こえをきくもの 第三章 9*師走ハツヒト

「なんか、ファルには悪い事したな」
 街から離れて街道を歩きながら、エルガーツはちらちらと街を振り返っていた。
「いえ、あの子も港街の人間ですから。きっと強く生きてゆくでしょう。義妹と離れるのは少々辛いですけれど」
「……」
 そもそもが無口なネトシルっであったが、ファルセットの話題になると殊更口を引き結んだ。
「にしても、ネトシルにあんな可愛い女の子の知り合いがいるとは思わなかったな」
 と、エルガーツが呟いた途端、ラシークは振り返り、ネトシルは立ち止まった。
 重々しく口を開く。目が、可哀想な物をみる時のそれだった。
「……ファルセット本人の前では、言わないでおこうと思ったのだが」
「何?」
 今出てきた街、その更に向こうをネトシルは見つめながら、得体の知れない嫌な予感に顔を歪めるエルガーツに、ネトシルは告げた。
「ニアトノームにいた時から、確かに華奢で顔立ちは良かった。
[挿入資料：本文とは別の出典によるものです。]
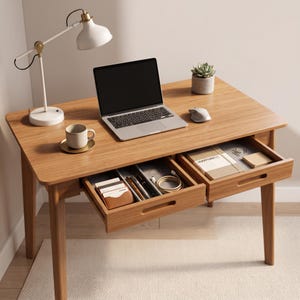 Small Home Office Desk with 2 Drawers, Wooden Writing Desk, Study Room Desk, Narrow Console Table, Entryway Table, Small Laptop Desk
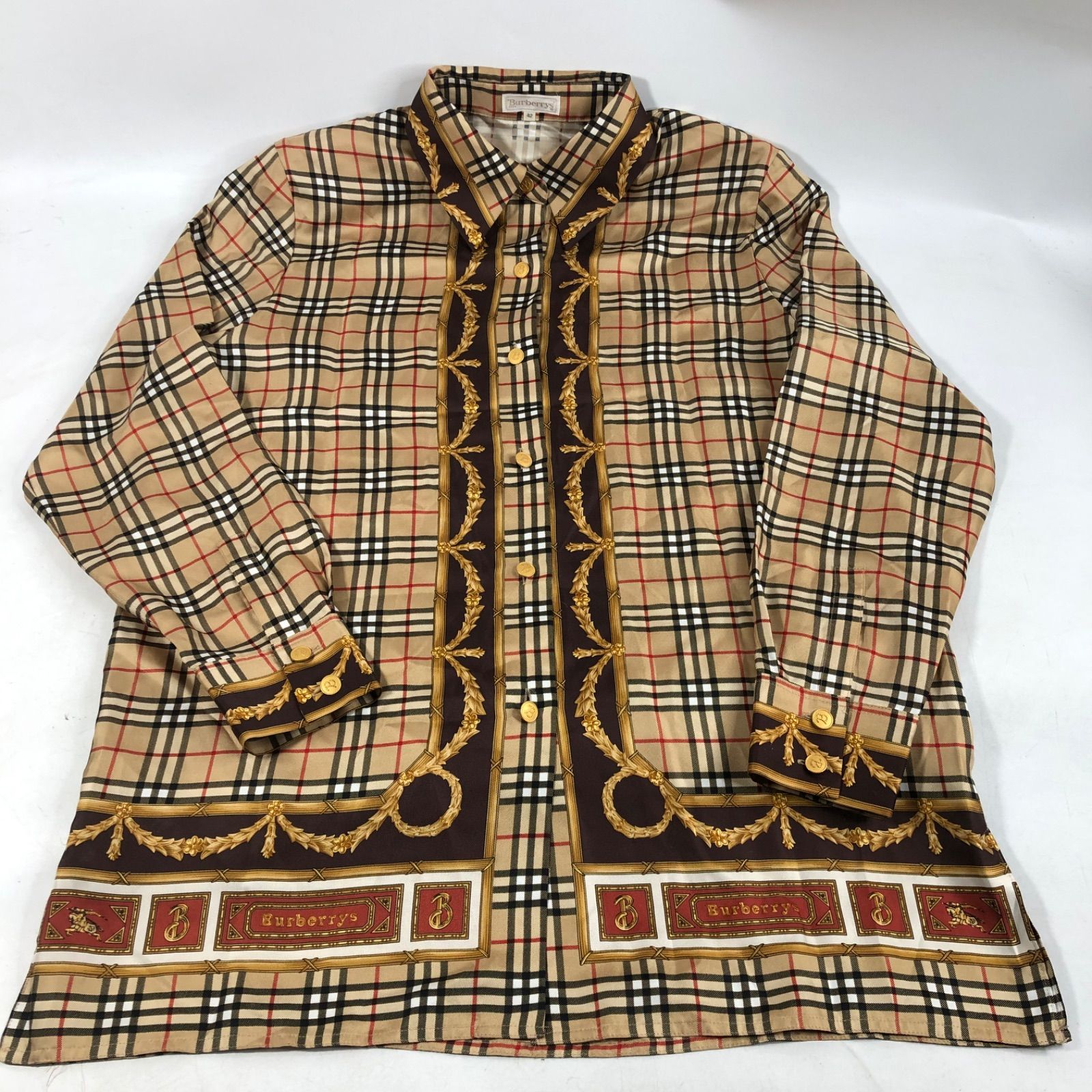 A1113-4-5 Burberry バーバリー ヴィンテージ レディース ノバチェック ブラウス ドレスシャツ シャツ size 42 FEA83-008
歌があんまり上手いので皆で誉めたら、歌い手になるんだと言って村を飛びだしたが……その時、親も含め皆が呼んでいた名前はファリード。最初に会った時から最後に見た時まで、確か……

 あいつは男だったはずだ」

 エルガーツの目が、限界まで見開かれた。
「……う、う、嘘だ! そんなはずが!!」
「あら、気付いていなかったのですか?」
 口許に手を当てて、ラシークはたおやかに笑う。
「だって、あんなに可愛かったんだぞ!」
「化粧バケだ」
「仕草は猛特訓したそうですよ」
「体型だって!」
「元々細いんだあいつは。背も低いし」
「女性から見てもうらやましいですよねぇ」
「む、胸もあっただろ!」
「偽物だ」
「木製の付け胸があるんですってね。服と紐で胸元に留めて。腰には綿を入れるそうですよ」
「で、でも、でもさ! あの通りのあの店で働いてんだぞ!」
「本当に、御存知ないのですね」
 ついに、ラシークまで哀れむような目つきになった。
「ワイティックは港街。多くの船乗りが仕事の合間に陸の上のひとときを楽しみます。
 年配の船乗りには、未だに『海精の嫉妬風』を避けて、女性を船に乗せようとしない者も多いんですの。けれど航海は時としてとても長い。陸に比べればあまりに狭い船の上で、男だけの共同生活……その内、男しか愛せなくなる船乗りが出てしまうのも、珍しくはないそうです。そういった哀しい海の男達の為に、普通の花街にはないとある特殊な通りが出来たといいます。あの子の勤める『酔いどれ海精』も、その通りにありますわ。ですから、あの店の中にいたネリエス達は、全員体は男です」
 エルガーツはついに、頭を抱えて崩れ落ちた。全身に鳥肌を立てながら。
「うわああああああああああ!!」
 晴れ渡った空に、それはそれで哀しい一人の男の絶叫がこだました。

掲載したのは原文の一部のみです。